Supplied entries ->
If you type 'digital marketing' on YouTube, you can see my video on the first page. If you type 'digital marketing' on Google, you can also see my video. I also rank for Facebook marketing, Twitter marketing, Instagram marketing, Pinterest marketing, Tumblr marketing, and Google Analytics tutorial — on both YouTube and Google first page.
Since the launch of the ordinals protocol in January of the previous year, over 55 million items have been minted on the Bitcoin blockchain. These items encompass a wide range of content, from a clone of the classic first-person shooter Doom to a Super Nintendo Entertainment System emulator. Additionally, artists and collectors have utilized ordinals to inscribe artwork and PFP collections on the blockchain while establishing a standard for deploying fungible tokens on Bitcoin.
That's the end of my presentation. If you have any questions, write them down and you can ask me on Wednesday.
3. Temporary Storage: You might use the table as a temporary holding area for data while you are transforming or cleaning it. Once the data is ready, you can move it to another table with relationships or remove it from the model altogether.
--
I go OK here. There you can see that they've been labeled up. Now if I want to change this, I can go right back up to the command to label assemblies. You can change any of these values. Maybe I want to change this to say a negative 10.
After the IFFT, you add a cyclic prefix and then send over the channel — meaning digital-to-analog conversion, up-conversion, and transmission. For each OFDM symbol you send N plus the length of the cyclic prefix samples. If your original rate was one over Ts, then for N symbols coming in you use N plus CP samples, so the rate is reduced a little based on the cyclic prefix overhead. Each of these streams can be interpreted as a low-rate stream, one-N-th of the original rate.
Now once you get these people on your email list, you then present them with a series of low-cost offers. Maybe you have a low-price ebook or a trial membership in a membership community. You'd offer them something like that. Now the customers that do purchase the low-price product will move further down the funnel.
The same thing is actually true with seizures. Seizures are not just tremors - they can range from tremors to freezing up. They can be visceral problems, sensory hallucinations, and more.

Instructions to follow -> Using the entries above, give back exactly the line containing "If you type 'digital marketing' on YouTube, you", the line containing "3. Temporary Storage: You", and every line between them, and nothing else.

Written response ->
If you type 'digital marketing' on YouTube, you can see my video on the first page. If you type 'digital marketing' on Google, you can also see my video. I also rank for Facebook marketing, Twitter marketing, Instagram marketing, Pinterest marketing, Tumblr marketing, and Google Analytics tutorial — on both YouTube and Google first page.
Since the launch of the ordinals protocol in January of the previous year, over 55 million items have been minted on the Bitcoin blockchain. These items encompass a wide range of content, from a clone of the classic first-person shooter Doom to a Super Nintendo Entertainment System emulator. Additionally, artists and collectors have utilized ordinals to inscribe artwork and PFP collections on the blockchain while establishing a standard for deploying fungible tokens on Bitcoin.
That's the end of my presentation. If you have any questions, write them down and you can ask me on Wednesday.
3. Temporary Storage: You might use the table as a temporary holding area for data while you are transforming or cleaning it. Once the data is ready, you can move it to another table with relationships or remove it from the model altogether.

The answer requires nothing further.